The award “will assist outstanding students who may not otherwise be able to attend university,” according to a release from UBC.

Said Unruh, “It was really just a gift to be able to come to a place like this and go into a program like engineering, which I know is kind of high-intensity, and just not have to feel stress about another problem that could be lingering or looming.”

In order to be considered for the award, Unruh had to fill out an additional application that required an up-to-800-word description of circumstance, “so you’re basically just telling them about where you’re at and how your family’s doing financially and what it would mean if you were to receive an award like that,” Unruh explained. 

While the Mary E. Gibbons Memorial Centennial Award is open to any domestic student applying to attend UBC, the university explained that preference will be given to students from the Sea to Sky corridor, as well as to students from Nelson—where Mary was born—and from Burnaby where Dick and his brother, David, attended Burnaby South High School.

“It is the family’s hope that these awards will inspire students to come to UBC and thrive,” said Richard in the release. “My brother and I both graduated from UBC Law School and were on the varsity football team.
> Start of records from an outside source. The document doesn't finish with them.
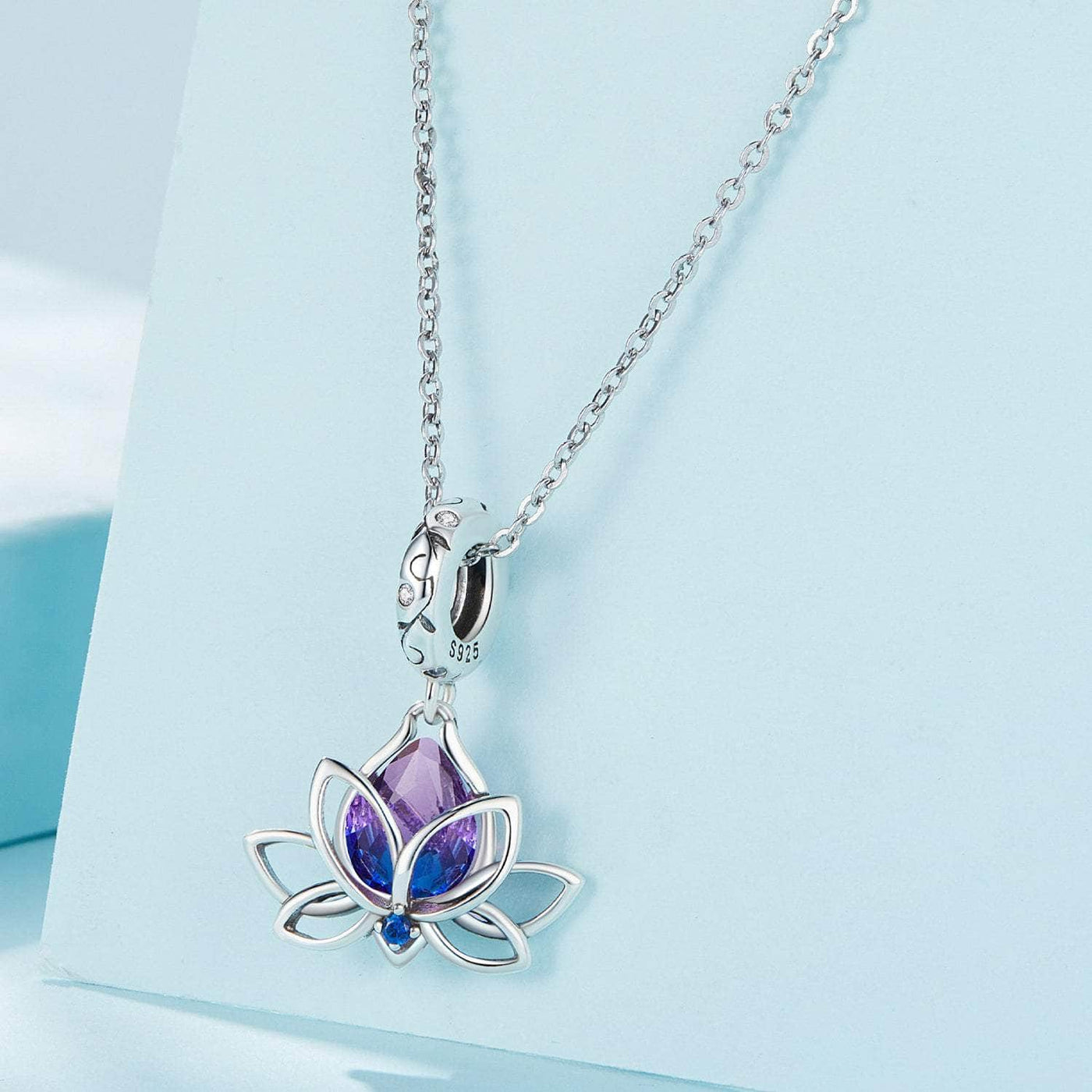 Lotus Charm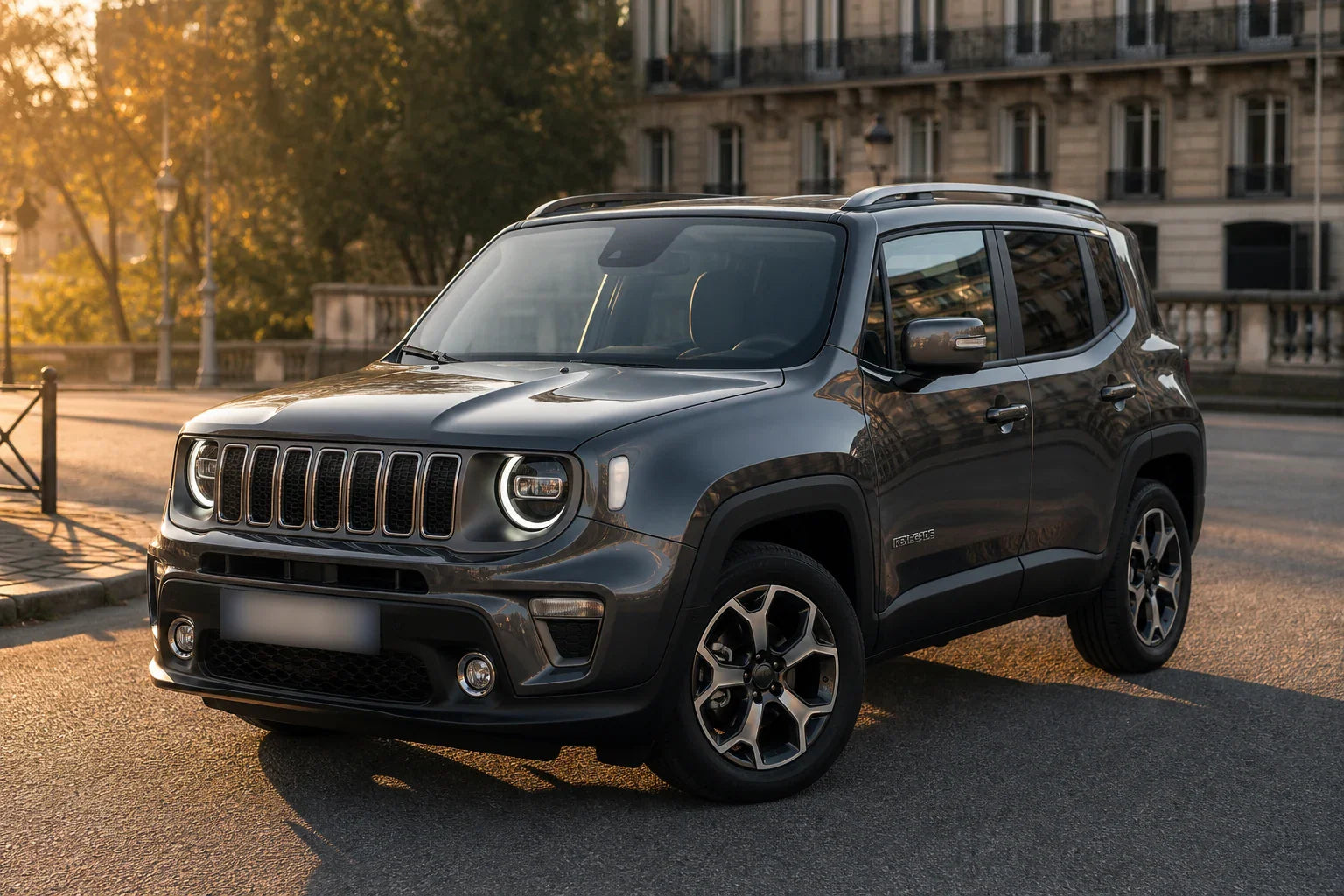 Jeep Renegade II 1.3 T 150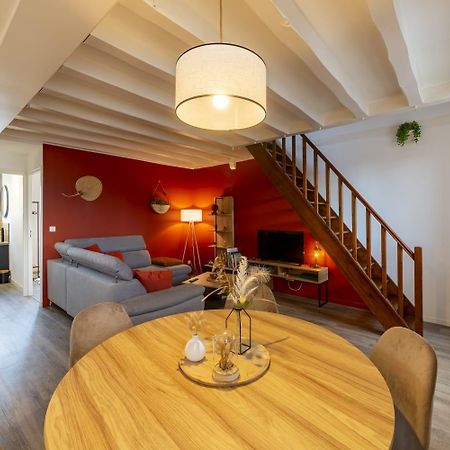 Appartamento Le Logis D'Anahy Blois Esterno foto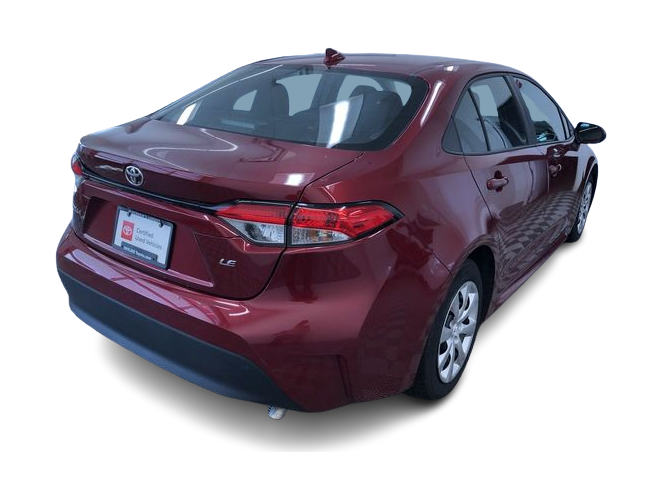Thumbnail: 2025 Toyota Corolla - 31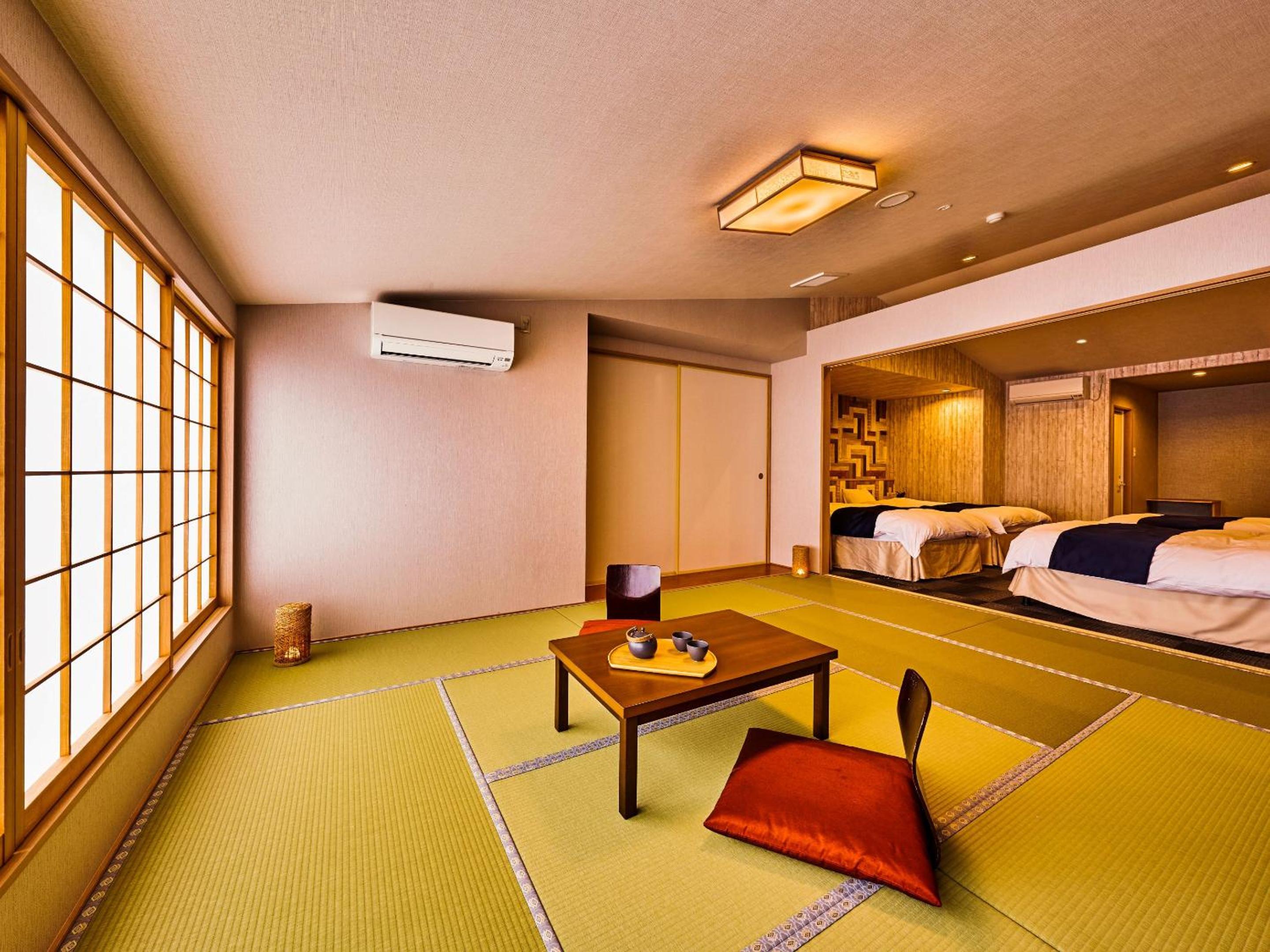 Ooedo Onsen Monogatari Premium Enakyo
We squeezed everything we could from our university education. It is now time for us to give back to the communities that helped to shape our lives.”

For Unruh, the award provides her with extra time and space to pursue goals she wants to accomplish both within her engineering program and as a member of the UBC student community. 

“Because I don’t have to work part-time, because I don’t have to worry about the financial aspect, I can join clubs and stuff like that, and fill up my time with other really productive things that are actually quite beneficial. I’m not having to worry about if I’ll be able to pay for the next semester,” she said.

“It’s just such a gift. It’s a blessing, really. It’s hard to express how much it allows me to do.”

Unruh said she’s also grateful for the connections she’s been able to make with her fellow Centennial Scholars as a result of receiving the award.

“I just want to be able to thank [the Gibbons family] and to express how encouraging it is for a student in the kind of situation that I’m in to be provided for and to know that there is somebody who cares about your plans and your future, and is watching and looking as you aspire to do something great, and become something great as a result of their donation. It’s so incredible that they would be so generous—it’s almost hard to comprehend.”

Unruh added, “I really want them to know that what they’re doing is a really, really great thing, especially for people who don’t always have the best financial situation. It’s really just enabling people to pursue their passion and find success in that passion, too, and that’s a rare thing.”